Amaranth in Food Plot?
Contributors to this thread:Whitetail Deer
From: Hunt98
16-Aug-23
Is there a way to get rid of Amaranth in an established brassica food plot?
Is there a way to control the Amaranth prior to planting next year?
From: Catscratch
16-Aug-23
Is it Palmer? If it's gly resistant you might try going with Liberty beans next yr.
How big is your plot? Is it small enough you could do some weed pulling by hand?
From: t-roy
16-Aug-23
Like Cat suggested, you could plant Liberty Link beans or better yet, Enlist beans. Other than spot spraying or pulling by hand, I think you’re stuck with them in your brassicas this year.
From: Hunt98
17-Aug-23
The plot is about an acre. I’m not a weed expert. The app, Picture This says it Red Root Pigweed Amaranth. Gly kills it but it generally grew within and more quickly than the brassica.
From: Catscratch
17-Aug-23
If gly kills it you are in luck!!! I'd spend a few hours pulling them by hand or spot spraying. Don't let them go to seed! To be honest I don't worry too much about pigweed. We have the bad kind so a lot of sprays don't phase them, but deer do like them and I do my plot regenerative style so pigweed never really take hold much. I do see one or two occasionally but they never take over. If you are tilling your plots it might be a different story.
If there's a lot of it you could go nuclear and kill the whole plot, with the idea of planting this fall with cereal grains and clovers. You'd loose your brassicas but gain a different crop.
From: Pat Lefemine
17-Aug-23
You have plenty of time to replant brassicas. They are cheap, and easy to grow. If your pigweed is exploding I wouldn’t hesitate to nuke it with glyphosate or Liberty and broadcast fresh brassica seed right over the dying vegetation.

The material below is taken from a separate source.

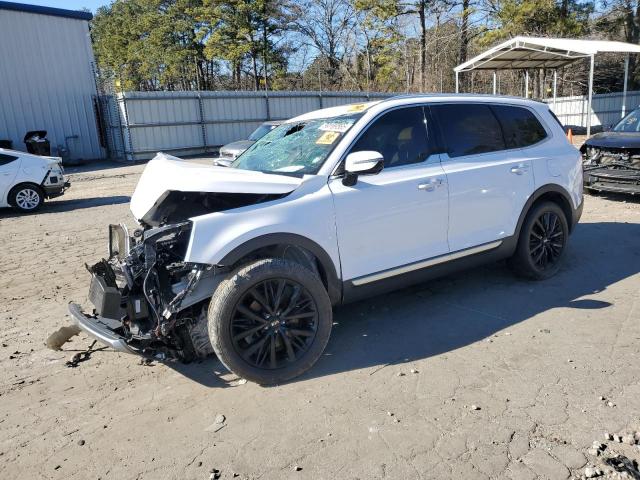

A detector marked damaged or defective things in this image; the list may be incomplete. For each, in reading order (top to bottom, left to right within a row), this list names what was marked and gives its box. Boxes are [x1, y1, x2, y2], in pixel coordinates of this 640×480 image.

I wouldn’t till it since that will likely just pull more pigweed seeds to the surface again. I’ve planted brassicas as late as 9/15.
My 2c.
From: fuzzy
17-Aug-23
Pat is right the amaranths all have tiny seeds with a thick tough coating. Their propagation strategy is for some seeds to lie dormant for months or years until the coating is damaged so they can germinate. (Vetches use a similar strategy ) Tilling will not only bring them to the surface it will activate germination by scarifying the seed coat. Clip, spray, and broadcast the brassica. We used to fight "horse nettle" in pastures that way.